Why Does This Happen?

The Binary Problem

Computers use binary (base-2). Just like 1/3 = 0.333... in decimal (never ends), many simple decimal fractions are infinite in binary.

Example
0.1 in decimal = 0.0001100110011... in binary (repeating forever)

Finite Storage

Computers have limited memory. They must truncate these infinite sequences, causing small errors.

A 64-bit floating point number (standard) has about 15-17 significant decimal digits of precision.

Which Numbers Are Exact?

Numbers that can be expressed as fractions with powers of 2 in the denominator:

  • 0.5 = 1/2 ✓
  • 0.25 = 1/4 ✓
  • 0.125 = 1/8 ✓
  • 0.1 = 1/10 ✗ (10 = 2×5, has factor of 5)

Precision vs Accuracy

Precision

How many digits can be stored. More precision = more decimal places.

Example: 3.14159265358979 has high precision (many digits)

Accuracy

How close to the true value. High precision doesn't guarantee accuracy.

Example: 3.14000000000000 is precise but less accurate than 3.14159

Practical Implications

Never compare floating points for equality!
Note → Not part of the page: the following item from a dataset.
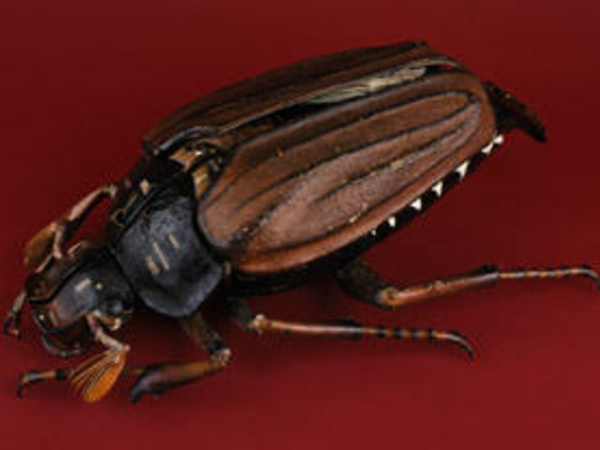 Papier-mache and plaster model of a May beetle.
// BAD: May fail unexpectedly
if (0.1 + 0.2 === 0.3) { ... }

// GOOD: Use epsilon comparison
if (Math.abs((0.1 + 0.2) - 0.3) < 0.0001) { ... }

For money, use integers!

Store cents (integers) instead of dollars (decimals). $19.99 → 1999 cents.

Scientific calculations accumulate error

Each operation can introduce tiny errors. Over millions of calculations, this adds up.